言い方は悪いけど、勤め人より時間があるのか情報量が半端なくて、ほぼデータベース状態になってたりするので、見ているだけでも楽しかったり。
ただ、そういったHPがある日を境に更新が滞り、しばらくするとHP自体が無くなってたりするんですよね。
恐らくは管理人が亡くなったのだろうと思います。無料のプロバイダとかは別として、有料の所は家族が契約を解除したりしちゃうのだろうなと。
SNSなんかは割と故人のアカウントが残ってたりしますが、HPは無くなる時は呆気なく消えてしまいます。
一時期のジオシティーズ終了とかも一気に面白いHPが無くなって残念だったけど。
そんなこんなで、今でも印象に残っているサイトがあります。
とある高齢の方が、自伝的に若い頃の事を書き綴った文章を掲載していたHPです。
こう言ってはなんだけど、割と昔のHPを開設していた高齢の方ってタイピングに慣れてなかったりして変な文章になってる人が多い印象だけど、そのHPは、とてつもない文章量かつ、誤字脱字も無く綺麗な文面だったのを思い出します。

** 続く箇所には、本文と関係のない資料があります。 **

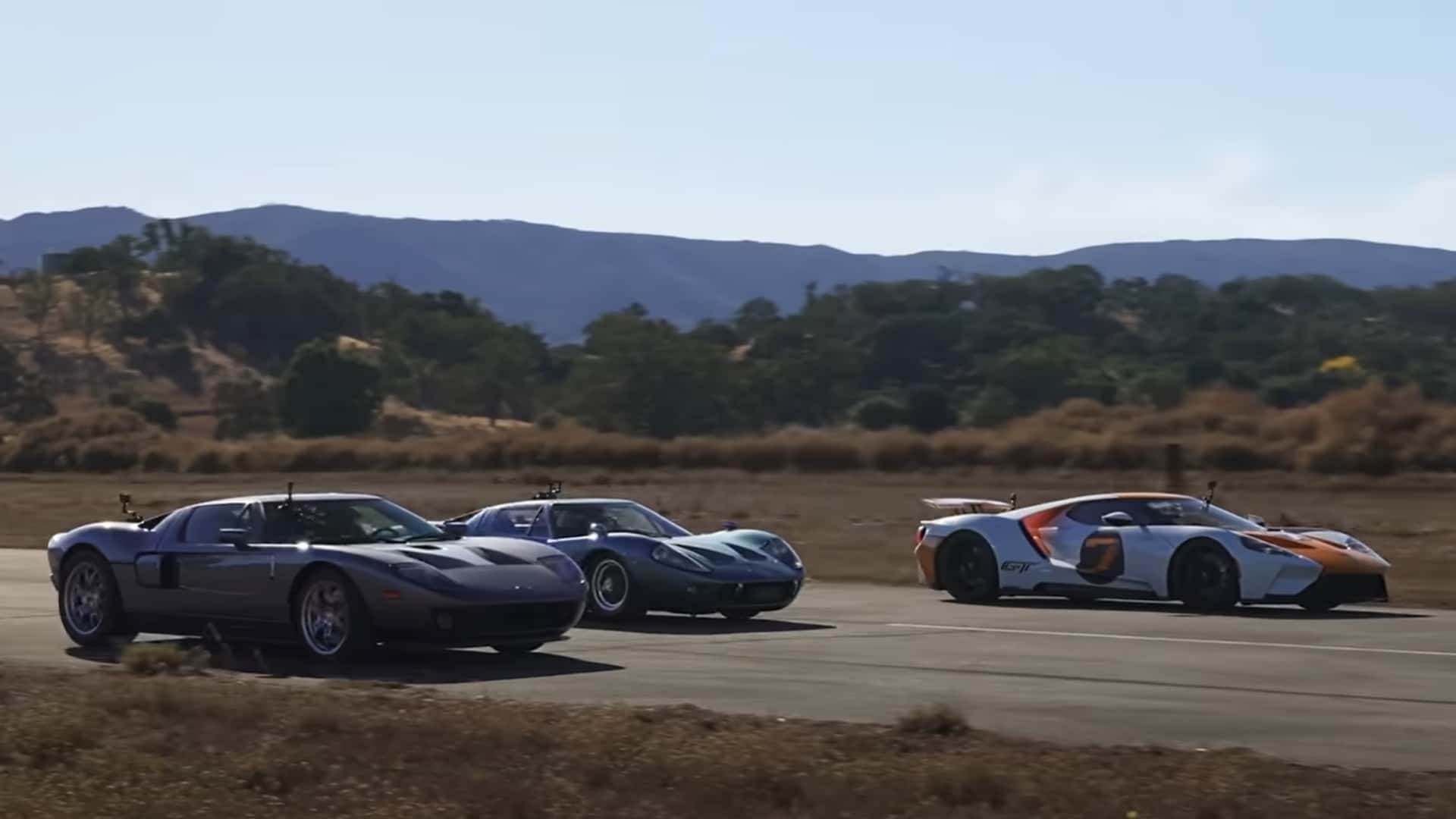 Featured image for "Evolution of Speed: Comparing Ford GT Performance Across Generations"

恐らくは、教育者か文章に携わる仕事等をしていた人だったのかなぁと勝手に推測したものです。
またその内容が面白く、表現が上手いのですよ。昭和三十年代に大学生だったという製作者が、当時のバイト先の純喫茶での出来事を綴った話で、偶然ウェイトレスと一瞬目が合っただけの話をとても印象的に書かれていて、その情景がこちらにも伝わる感じでした。
他には、今でいう合コンをやって、金持ちのボンボン達が女子大のお嬢様達をナンパして持ち帰る話とかリアルに書かれていて、当時の流行や風俗等について資料的価値があるんじゃないかと思うぐらいに詳しく書かれていました。
しかし、あまりの文章量にとても読み切れないって事で、HPをブックマークして放置してるうちに仕事も忙しくなって忘れてしまったのです。
その間に、PCの買い替えやらでブックマークも分からなくなってしまって、ある日思い出してそのHPも探したのですが、結局見付けられなくなりました。
製作者の方の年齢を考えると、存命してるかは分からないし、恐らくはもうHP自体も存在していないかと思います。
そう考えると、無くなってしまうには惜しい個人HPって多かったなぁと思う次第でございます。